The Blue Jays have continued their frenzied free-agent strike, agreeing to a three-year contract with outfielder/designated hitter
Brantley follows his former Astros teammate, George Springer, to Toronto on the heels of the Jays’ agreements with right-handers Kirby Yates and Tyler Chatwood. It’s a dramatic crescendo after months of the Jays being linked to virtually every free agent on the market — one that gives Toronto one of the deepest lineups not just in the American League but in all of Major League Baseball.
While Springer was rightly heralded as the top bat on the offseason market, Brantley has a legitimate claim to being the second-best hitter available. The former seventh-round pick has displayed elite bat-to-ball skills and hit for a high average since his Major League debut back in 2009, but since a breakout showing with Cleveland in 2014, Brantley has more quietly ranked among the game’s elite bats, hitting a combined .311/.371/.481 in more than 3100 plate appearances over that stretch. In that time, Brantley’s 131 wRC+ — indicating he’s been 31 percent better than an average hitter after adjusting for park and league — ranks 29th among 398 qualified hitters. (Springer’s 134, in fact, sits just five spots higher.)
Not only has Brantley been among the best overall hitters in the game during that seven-year stretch — he’s also been one of the most difficult to strike out.
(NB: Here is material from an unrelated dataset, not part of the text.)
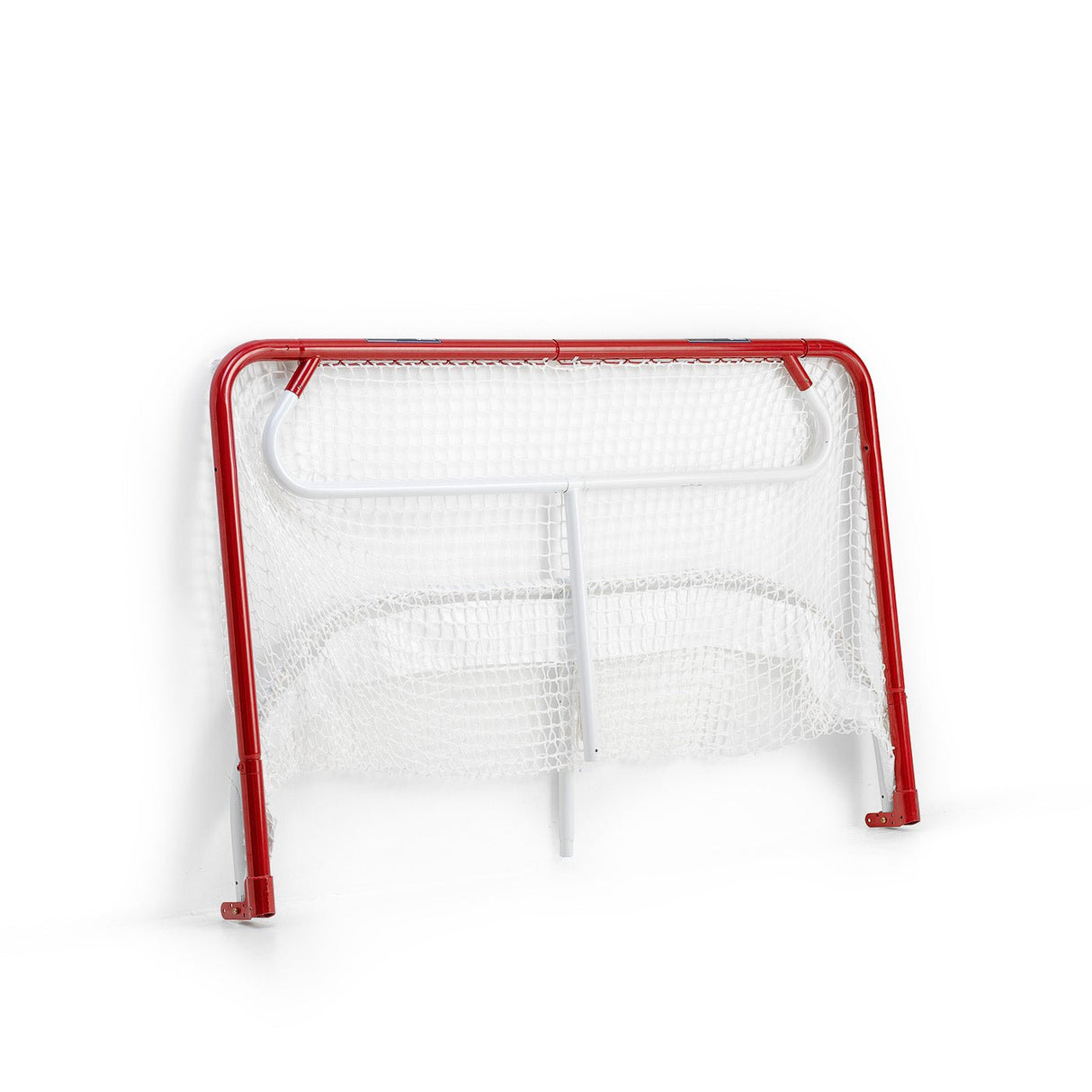 Extreme Hockey Goal Pro Steel, robust hockeymål med röd ram och vit nät. Perfekt för träningspass och foldbart för enkel förvaring.
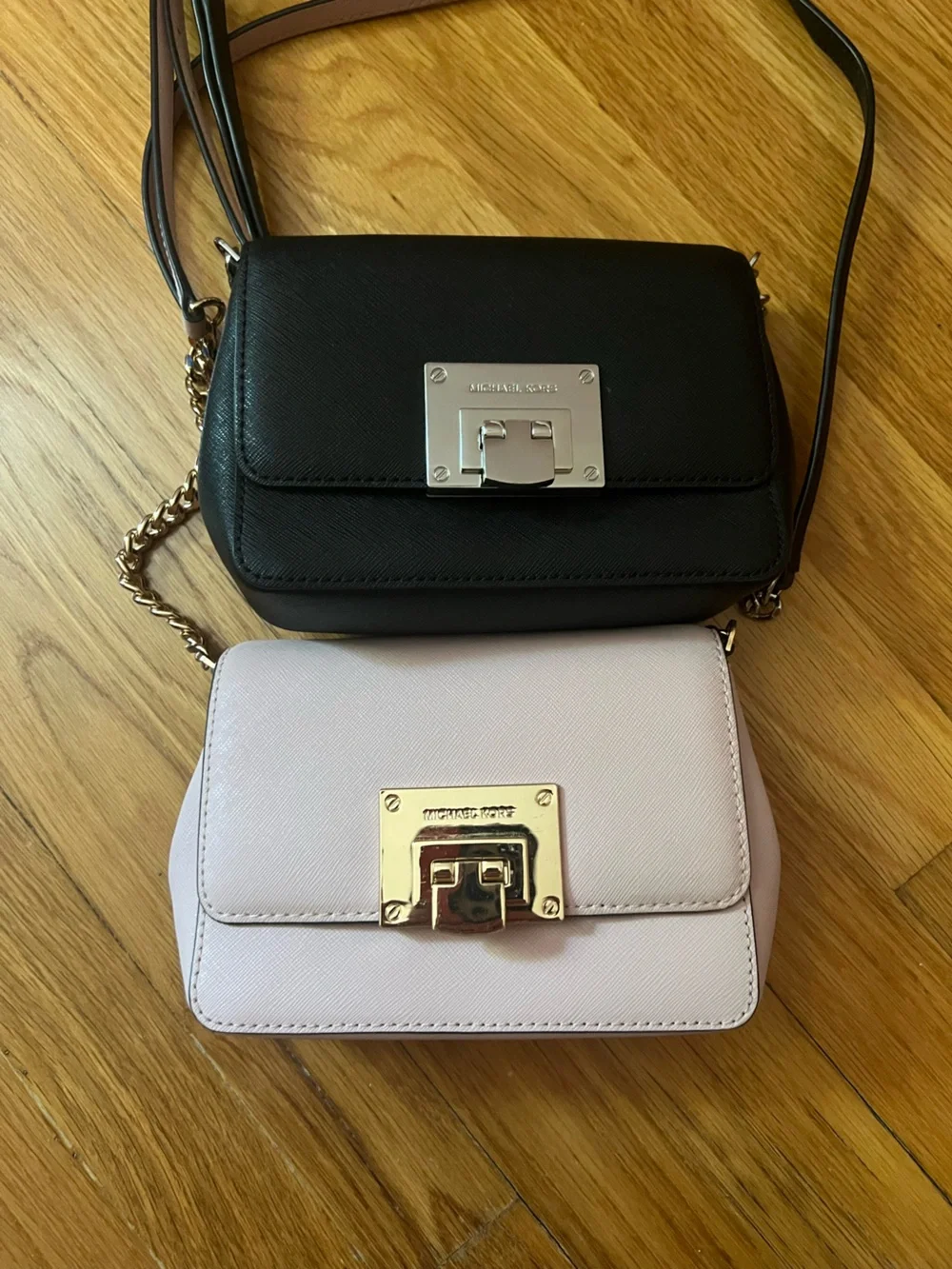 Michael Kors Black and Light Pink Leather Crossbody Duo BUNDLE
Only four players have a lower strikeout percentage than Brantley’s 10.1 dating back to 2014. Springer himself has dropped his strikeout rate considerably, punching out at a career-low 17.1 percent in 2020. The Jays’ newest pairing, then, not only brings plenty of power to the table but also will further improve upon a 22.4 percent strikeout rate that was the 11th-lowest in MLB.
More to come.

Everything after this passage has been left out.